Bir Dönemin Orta Solu "Karaoğlan Gerçeği" - 2
Hacı Bilal Şen

Hacı Bilal Şen

Bir Dönemin Orta Solu "Karaoğlan Gerçeği" - 2

12 Aralık 2017 - 09:23

Geçen haftaki yazımda 1980 ihtilaline kadar olan dönemde Bülent ECEVİT’İN siyasi hayatından bahsetmiştim. Bu yazımda 1980’den ölümüne kadar geçen sürede siyasi alanda Türk siyasi hayatını etkileyen noktalara değineceğim.

12 Eylül askerî darbesi, iktidardaki Demirel’le birlikte Ecevit’i de sürgüne göndermiştir. Çıkışları, sıkıyönetim tarafından önlenmiş, yazı yazması yasaklanmıştır.
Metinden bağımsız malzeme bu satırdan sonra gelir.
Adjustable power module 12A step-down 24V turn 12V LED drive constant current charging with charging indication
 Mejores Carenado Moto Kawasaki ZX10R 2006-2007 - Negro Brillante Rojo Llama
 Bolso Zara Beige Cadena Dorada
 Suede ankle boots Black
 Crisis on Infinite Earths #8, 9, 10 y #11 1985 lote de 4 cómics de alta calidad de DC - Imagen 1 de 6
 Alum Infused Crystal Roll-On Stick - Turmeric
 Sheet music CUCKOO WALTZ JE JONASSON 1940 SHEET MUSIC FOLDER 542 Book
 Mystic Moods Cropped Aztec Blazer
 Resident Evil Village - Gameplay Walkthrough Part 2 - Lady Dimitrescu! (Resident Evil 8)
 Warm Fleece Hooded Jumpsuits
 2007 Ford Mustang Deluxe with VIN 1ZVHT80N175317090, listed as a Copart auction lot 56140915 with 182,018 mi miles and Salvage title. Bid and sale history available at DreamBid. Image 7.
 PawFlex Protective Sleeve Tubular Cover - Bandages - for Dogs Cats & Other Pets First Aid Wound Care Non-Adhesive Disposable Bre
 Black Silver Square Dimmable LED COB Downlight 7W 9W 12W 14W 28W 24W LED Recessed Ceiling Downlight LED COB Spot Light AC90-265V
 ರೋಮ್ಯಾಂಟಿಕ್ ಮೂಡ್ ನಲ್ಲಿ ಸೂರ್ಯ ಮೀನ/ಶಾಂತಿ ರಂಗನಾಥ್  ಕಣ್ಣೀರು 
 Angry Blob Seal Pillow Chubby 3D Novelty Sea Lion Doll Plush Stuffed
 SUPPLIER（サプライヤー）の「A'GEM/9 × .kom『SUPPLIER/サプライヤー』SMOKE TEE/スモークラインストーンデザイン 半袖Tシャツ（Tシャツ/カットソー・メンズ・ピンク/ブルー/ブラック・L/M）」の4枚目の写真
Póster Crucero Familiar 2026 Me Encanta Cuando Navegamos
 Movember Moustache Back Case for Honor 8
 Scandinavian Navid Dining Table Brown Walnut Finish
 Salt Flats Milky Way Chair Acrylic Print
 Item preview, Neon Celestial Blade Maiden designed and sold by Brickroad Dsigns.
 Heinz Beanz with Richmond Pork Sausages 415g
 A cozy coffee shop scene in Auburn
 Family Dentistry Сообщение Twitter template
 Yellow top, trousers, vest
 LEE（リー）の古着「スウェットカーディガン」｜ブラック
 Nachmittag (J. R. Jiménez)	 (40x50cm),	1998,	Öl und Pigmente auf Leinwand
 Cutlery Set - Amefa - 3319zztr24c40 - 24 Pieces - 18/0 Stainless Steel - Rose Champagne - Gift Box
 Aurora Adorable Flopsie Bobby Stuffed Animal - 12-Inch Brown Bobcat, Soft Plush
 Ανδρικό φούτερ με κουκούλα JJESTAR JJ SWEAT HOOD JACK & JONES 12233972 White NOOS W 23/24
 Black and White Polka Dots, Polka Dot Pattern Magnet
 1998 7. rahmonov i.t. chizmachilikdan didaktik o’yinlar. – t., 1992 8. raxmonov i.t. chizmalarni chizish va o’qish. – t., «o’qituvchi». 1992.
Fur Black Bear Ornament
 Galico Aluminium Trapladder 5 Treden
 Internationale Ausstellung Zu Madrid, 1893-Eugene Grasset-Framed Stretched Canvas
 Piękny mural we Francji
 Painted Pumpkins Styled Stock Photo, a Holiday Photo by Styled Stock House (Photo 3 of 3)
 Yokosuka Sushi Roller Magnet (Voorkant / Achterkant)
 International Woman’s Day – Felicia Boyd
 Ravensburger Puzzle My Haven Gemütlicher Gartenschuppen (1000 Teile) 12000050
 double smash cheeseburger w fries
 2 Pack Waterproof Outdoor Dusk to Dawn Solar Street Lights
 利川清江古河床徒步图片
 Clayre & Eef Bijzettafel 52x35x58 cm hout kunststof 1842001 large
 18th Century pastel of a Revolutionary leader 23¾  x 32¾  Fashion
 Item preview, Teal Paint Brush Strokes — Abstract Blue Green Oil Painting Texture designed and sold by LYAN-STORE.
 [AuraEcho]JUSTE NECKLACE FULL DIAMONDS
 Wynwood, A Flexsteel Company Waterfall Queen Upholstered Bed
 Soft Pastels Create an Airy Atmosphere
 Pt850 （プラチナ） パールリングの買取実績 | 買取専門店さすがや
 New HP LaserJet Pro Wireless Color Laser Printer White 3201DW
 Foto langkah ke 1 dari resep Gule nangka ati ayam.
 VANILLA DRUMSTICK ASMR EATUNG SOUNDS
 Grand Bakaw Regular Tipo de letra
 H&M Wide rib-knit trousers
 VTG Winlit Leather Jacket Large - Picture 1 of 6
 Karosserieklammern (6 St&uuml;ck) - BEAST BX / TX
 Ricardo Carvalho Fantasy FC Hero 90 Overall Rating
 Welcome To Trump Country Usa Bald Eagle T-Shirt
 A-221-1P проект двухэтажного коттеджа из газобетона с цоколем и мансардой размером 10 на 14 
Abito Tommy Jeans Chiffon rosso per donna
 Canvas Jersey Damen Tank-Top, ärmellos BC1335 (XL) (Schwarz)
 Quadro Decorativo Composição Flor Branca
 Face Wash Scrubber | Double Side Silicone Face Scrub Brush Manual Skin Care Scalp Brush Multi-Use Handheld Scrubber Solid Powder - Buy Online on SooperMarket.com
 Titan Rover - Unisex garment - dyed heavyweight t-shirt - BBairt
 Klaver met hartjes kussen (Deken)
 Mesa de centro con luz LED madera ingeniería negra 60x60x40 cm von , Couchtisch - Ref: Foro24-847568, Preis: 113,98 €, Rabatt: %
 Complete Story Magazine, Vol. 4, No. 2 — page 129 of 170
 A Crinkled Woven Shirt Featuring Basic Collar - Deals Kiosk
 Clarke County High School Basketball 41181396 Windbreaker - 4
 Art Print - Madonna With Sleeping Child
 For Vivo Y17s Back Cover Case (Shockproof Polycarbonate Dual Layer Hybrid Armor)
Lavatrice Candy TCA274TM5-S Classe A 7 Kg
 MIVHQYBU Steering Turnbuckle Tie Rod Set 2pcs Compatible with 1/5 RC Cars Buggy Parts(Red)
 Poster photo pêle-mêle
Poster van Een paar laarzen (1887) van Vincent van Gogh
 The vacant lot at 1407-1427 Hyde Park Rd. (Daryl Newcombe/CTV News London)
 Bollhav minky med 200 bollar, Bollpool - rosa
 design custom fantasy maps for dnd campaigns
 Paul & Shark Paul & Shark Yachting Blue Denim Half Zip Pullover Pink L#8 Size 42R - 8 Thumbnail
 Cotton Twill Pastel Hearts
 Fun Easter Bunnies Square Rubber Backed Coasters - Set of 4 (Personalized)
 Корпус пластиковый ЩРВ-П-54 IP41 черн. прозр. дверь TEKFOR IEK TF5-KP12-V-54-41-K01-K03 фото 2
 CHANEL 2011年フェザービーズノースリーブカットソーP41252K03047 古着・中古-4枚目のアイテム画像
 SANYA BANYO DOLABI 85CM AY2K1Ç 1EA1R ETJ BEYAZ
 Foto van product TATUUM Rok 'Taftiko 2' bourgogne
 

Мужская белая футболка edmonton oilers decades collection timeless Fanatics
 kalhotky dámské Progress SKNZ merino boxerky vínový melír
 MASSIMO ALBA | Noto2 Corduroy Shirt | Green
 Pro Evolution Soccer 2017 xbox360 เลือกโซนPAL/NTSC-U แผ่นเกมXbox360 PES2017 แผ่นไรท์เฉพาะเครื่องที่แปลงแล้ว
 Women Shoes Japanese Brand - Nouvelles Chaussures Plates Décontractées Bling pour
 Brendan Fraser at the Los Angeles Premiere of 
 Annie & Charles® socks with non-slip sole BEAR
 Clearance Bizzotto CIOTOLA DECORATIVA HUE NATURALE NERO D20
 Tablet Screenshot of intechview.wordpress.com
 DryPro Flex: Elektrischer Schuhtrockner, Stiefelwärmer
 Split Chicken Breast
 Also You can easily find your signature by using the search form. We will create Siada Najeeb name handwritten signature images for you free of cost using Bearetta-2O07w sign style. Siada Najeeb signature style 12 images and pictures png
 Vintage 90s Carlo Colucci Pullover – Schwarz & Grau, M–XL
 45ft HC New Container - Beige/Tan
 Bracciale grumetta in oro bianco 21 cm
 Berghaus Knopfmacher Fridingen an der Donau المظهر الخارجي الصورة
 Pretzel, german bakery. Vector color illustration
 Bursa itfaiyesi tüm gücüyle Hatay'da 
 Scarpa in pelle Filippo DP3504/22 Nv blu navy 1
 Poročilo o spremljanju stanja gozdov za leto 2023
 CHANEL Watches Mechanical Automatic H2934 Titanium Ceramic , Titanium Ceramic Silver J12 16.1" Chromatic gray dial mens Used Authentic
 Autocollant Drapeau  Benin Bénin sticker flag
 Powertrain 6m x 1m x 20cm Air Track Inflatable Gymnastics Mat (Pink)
Bu dönem, 1987’ye kadar sürmüştür. Dikkat çekici olanı şudur ki, CHP de, diğer siyasî partilerle birlikte kapatılmış, yarışın eşit şartlarda yeniden başlamasına özen gösterilmiştir.

Bu dönemde, Bülent Ecevit’in düşüncelerinde değişiklikler meydana geldiği görülmektedir. Belki de ortaya çıkan belgeler onun da görüşünü etkilemiştir. Eskiden olduğu gibi Yugoslavya modelinden artık söz etmemektedir. Fakat Ecevit’in hayalini süsleyen köykent projesi –hiç gerçekleşemese de- siyasî literatürde yerini alacaktır.

Siyasî yasaklı olduğu için parti kurması veya bir partiye katılması mümkün olmayan Ecevit, bu dönemde demokratik sol düşünceyi ortaya atmış ve bu isimle bir parti eşinin başkanlığında kurulmuştur. Dikkat çekici bir husustur ki, Ecevit, CHP’deki eski yandaşlarını bu partiye almaktan, onlarla güç birliği yapmaktan kaçınmıştır. Zor zamanlarda dik durmamakla ve kendisini yalnız bırakmakla suçladığı bu arkadaşları başka partilere dağılmışlardır.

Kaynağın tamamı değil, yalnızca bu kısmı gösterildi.